We examined and chatted with some of the biggest outdoor brands on the photo-sharing platform to find out what works for them.
Follower count: 17.7 million
Date joined: March 22, 2012
Total posts: 6,120
When it comes to outdoor brands on Instagram, GoPro easily leads the pack. Almost four times more users follow GoPro than other brands like The North Face and Patagonia. The company keeps its users engaged, too—videos on GoPro’s page regularly notch hundreds of thousands of views, and photos generally amass close to one hundred thousand likes, outperforming brands with similar follower counts like Starbucks and Calvin Klein. GoPro generally posts on the account twice a day, with posts spaced apart by several hours.
There’s one thing you won’t see on GoPro’s Instagram: Any of the company’s products. Rather than focusing on the cameras themselves, the page highlights what’s in front of them, posting everything from skiing backflips to scuba dives to airplane stunts. GoPro saves the flashy product photos for its website, but on Instagram, the brand sells experiences—experiences their cameras can document.
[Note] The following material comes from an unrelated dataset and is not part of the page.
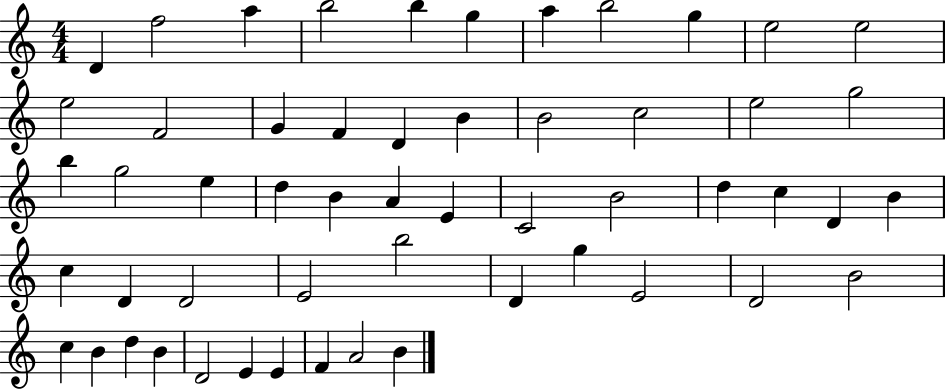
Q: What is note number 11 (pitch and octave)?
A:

The North Face (@thenorthface)
Follower count: 4.8 million
Date joined: February 14, 2011
Total posts: 427
The majority of The North Face’s Instagram posts can be broken into two categories: product-focused and athlete-focused. The brand’s product-focused posts look like a classic advertisement: The product and TNF logo are front and center. Captions for these posts tell users what the product is, how it works, and where they can get one. Athlete-focused posts feature partnered athletes in action, and don’t stress as much about brand recognition—in most of these posts, it’s tough to tell whether the athlete is even wearing TNF gear. The account posts three to four times a week, and mixes up video and photo content.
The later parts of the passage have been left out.